My reflections on returning to work after my second round of parental leave in three years
Rebecca Comac
Commercial Executive | People Leader | Problem Solver | GAICD Collaborating to drive positive organisational change and solve complex problems
I’ve seen a number of posts recently from colleagues and connections sharing their personal experiences of juggling their career and family life.? It’s prompted me to reflect on my own recent experiences as a mum, and people leader at PwC, now that I’ve returned to work.

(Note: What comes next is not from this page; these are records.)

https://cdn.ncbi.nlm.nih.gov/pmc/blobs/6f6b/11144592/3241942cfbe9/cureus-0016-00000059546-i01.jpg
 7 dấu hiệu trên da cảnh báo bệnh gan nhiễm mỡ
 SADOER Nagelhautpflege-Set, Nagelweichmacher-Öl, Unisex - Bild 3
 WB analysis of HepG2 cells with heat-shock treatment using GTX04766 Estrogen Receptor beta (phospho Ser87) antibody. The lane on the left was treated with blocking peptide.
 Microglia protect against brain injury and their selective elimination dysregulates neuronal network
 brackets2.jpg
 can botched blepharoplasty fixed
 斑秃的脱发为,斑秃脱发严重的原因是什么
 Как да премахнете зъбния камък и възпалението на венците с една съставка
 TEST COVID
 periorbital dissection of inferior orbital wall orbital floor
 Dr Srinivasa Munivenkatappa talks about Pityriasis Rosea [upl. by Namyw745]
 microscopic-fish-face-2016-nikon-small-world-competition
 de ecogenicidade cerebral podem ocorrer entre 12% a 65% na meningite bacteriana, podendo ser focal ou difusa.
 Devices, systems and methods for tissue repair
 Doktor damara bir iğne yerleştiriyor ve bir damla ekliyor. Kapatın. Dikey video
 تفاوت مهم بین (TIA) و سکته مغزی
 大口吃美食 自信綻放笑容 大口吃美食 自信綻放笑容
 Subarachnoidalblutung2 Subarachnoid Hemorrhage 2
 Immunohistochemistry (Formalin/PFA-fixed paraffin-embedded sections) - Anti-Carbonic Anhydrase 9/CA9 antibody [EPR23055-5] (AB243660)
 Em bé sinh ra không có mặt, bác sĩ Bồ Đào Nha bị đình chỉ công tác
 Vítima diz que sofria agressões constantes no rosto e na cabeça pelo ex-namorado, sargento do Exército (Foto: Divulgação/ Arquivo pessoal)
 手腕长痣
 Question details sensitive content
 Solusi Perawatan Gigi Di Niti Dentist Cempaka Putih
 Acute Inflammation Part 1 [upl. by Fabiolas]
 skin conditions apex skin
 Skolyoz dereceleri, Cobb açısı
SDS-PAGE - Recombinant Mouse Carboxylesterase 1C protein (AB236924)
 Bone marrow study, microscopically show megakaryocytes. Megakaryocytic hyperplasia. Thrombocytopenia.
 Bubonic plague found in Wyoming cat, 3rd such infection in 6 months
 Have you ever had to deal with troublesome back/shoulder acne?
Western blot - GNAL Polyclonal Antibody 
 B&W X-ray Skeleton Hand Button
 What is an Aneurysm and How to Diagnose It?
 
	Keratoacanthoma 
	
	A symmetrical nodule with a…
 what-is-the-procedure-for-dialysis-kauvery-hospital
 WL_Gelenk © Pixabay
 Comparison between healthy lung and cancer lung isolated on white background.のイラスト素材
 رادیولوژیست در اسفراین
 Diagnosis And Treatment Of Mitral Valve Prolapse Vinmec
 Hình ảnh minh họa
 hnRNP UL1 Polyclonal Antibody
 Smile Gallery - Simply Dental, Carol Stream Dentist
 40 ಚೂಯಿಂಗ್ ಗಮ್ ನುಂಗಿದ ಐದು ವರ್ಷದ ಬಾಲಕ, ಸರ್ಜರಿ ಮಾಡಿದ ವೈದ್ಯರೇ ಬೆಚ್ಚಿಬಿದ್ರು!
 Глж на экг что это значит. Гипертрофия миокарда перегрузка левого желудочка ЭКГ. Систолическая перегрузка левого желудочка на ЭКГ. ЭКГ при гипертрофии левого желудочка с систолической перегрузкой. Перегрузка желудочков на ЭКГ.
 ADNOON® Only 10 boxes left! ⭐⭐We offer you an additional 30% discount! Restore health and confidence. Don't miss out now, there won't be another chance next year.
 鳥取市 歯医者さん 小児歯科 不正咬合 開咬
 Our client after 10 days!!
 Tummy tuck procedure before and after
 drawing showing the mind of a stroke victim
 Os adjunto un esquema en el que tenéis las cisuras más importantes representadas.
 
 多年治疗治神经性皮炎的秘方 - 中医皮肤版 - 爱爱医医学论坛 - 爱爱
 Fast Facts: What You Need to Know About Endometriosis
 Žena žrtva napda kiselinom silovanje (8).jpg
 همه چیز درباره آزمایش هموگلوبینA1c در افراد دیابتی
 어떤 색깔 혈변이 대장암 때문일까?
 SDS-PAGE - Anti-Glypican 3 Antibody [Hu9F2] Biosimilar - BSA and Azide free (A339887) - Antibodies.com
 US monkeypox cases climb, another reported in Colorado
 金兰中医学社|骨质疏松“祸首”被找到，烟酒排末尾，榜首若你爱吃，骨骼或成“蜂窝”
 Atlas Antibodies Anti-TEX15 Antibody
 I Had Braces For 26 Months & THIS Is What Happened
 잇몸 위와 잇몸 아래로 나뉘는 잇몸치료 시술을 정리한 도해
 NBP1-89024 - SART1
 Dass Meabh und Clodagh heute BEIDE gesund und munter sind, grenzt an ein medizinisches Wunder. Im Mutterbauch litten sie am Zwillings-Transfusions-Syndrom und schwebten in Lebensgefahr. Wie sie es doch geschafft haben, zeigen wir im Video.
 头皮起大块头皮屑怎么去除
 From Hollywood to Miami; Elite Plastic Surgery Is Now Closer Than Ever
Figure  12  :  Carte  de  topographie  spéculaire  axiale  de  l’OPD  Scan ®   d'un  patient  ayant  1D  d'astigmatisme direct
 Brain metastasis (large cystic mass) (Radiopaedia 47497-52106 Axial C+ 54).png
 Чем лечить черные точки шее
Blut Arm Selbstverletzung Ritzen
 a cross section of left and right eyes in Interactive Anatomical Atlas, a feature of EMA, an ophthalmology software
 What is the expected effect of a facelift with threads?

I am so glad to hear so many incredible stories of the support parents are receiving in the workplace in the form of better policies and cultural shifts, and of fathers taking parental leave and taking equal household responsibility in their relationships. As a partner at PwC, I am the beneficiary of progressive policies and culture and have just returned from my second round of parental leave in 3 years.? I feel so lucky to have had the opportunity to have time with my 2 boys, and am hugely thankful to my work colleagues, clients and teams for giving me that opportunity and also for welcoming me back to work.??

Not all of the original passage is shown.